Les membres du personnel de l’AMF ont également souligné que toutes les lois applicables au Québec continuent de s’appliquer. «Nous ne sommes pas venues répéter des obligations qui existent déjà», a noté Mylène Sabourin.

Partage de responsabilité

Lors de la séance d’information, Mylène Sabourin a expliqué que la responsabilité du représentant et celle du cabinet seraient partagées entre autres en fonction du «niveau d’intervention du représentant» dans la transaction. Il faudrait évaluer la situation au cas par cas. «Oui, l’intervention du représentant peut être simple, mais si elle a une incidence [importante sur la transaction], sa responsabilité pourrait malgré tout être engagée.»

C’est pourquoi l’AMF exige des cabinets qu’ils conservent la traçabilité d’une transaction afin de savoir qui a fait quoi et qui a dit quoi. «Il va de soi que même si un client doit répondre à une question ponctuelle, [le cabinet] est soumis à son code de déontologie et doit agir avec la compétence qu’il a», a précisé Mélissa Perreault.

Un des intervenants a par ailleurs souligné qu’il est ridicule que des assureurs qui vendent actuellement de l’assurance en ligne puissent bénéficier d’un encadrement réglementaire allégé jusqu’à l’entrée en vigueur du règlement, prévue le 13 juin 2019.

L’AMF est au courant de la situation, a indiqué Isabelle Déry, du Service de la distribution sans représentant et des pratiques professionnelles à l’AMF : «Il ne faut pas oublier que l’Autorité les surveille et a comme mission de voir à la protection du consommateur.»

«S’il y avait un flou [dans l’encadrement réglementaire], il n’y en aura plus le 13 juin 2019», a soutenu Mylène Sabourin.

Défis pour les applications mobiles

Le projet de règlement touche la distribution de toutes les formes d’assurances, y compris les contrats de rentes, comme les fonds distincts ou les rentes viagères. Le cadre proposé risque de constituer des défis technologiques, puisqu’il s’appliquera à toutes les technologies, y compris les applications mobiles.

En effet, certains renseignements devront être visibles par le client «en tout temps», même sur un petit écran.
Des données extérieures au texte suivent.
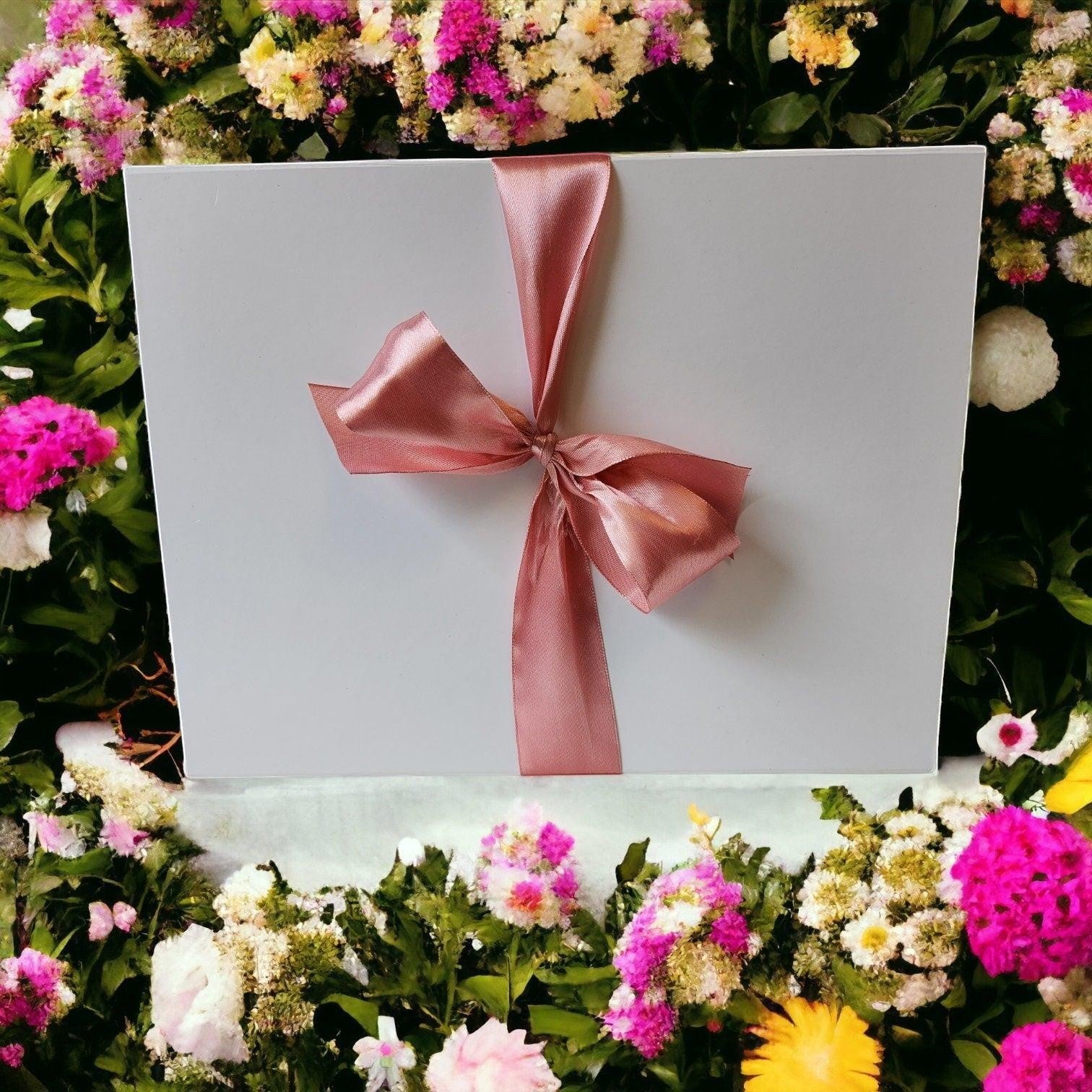 Precious Days Gifts large white new baby gift box with pink ribbon, surrounded by flowers.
Parmi ceux-ci, on note «le moyen de solliciter l’intervention d’un représentant», étant donné que «l’exigence qu’un représentant du cabinet puisse agir en temps utile auprès du client qui en exprime le besoin est un élément clé du cadre de protection des consommateurs».
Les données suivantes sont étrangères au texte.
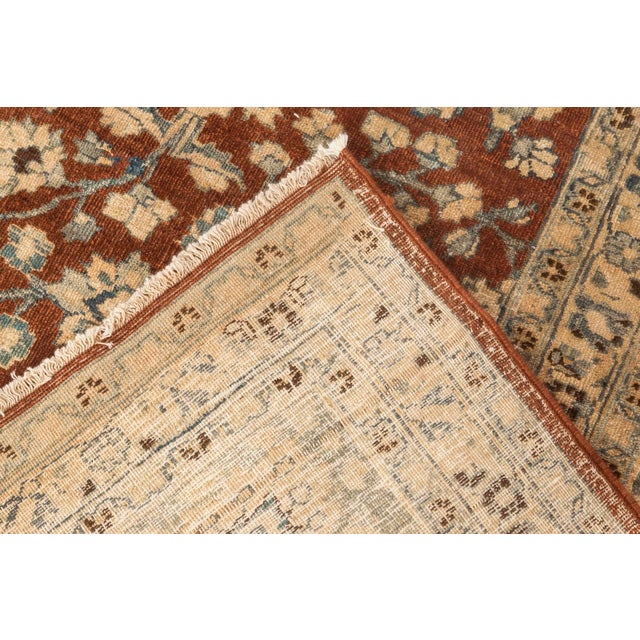 An early 20th century Persian Tabriz rug, the light brown with an exuberant trellis in beiges and blues of palmettes and...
Les renseignements relatifs à l’identification du cabinet, à la validation de son inscription auprès de l’AMF et à la formulation d’une plainte devront aussi être visibles en tout temps.

L’emploi du terme «visible» dans la réglementation proposée semble volontaire et exclut ainsi la souscription d’assurance par commande vocale. «On n’a pas franchi le pas qui aurait permis toute forme artistique. On considère ainsi mieux protéger le consommateur, a noté Mélissa Perreault. C’est prévu que les renseignements soient visibles et non audibles.»

La séance d’information a par ailleurs permis de constater que le projet de règlement pourrait soulever des enjeux de concurrence entre assureurs. En effet, selon la question d’un intervenant, on comprend que certains assureurs pourraient être réticents à dévoiler la définition de certains avenants exclusifs. Rappelons que le projet de règlement propose que «soit disponible en tout temps un spécimen des polices afférentes aux produits offerts par un cabinet par l’entremise de sa plateforme».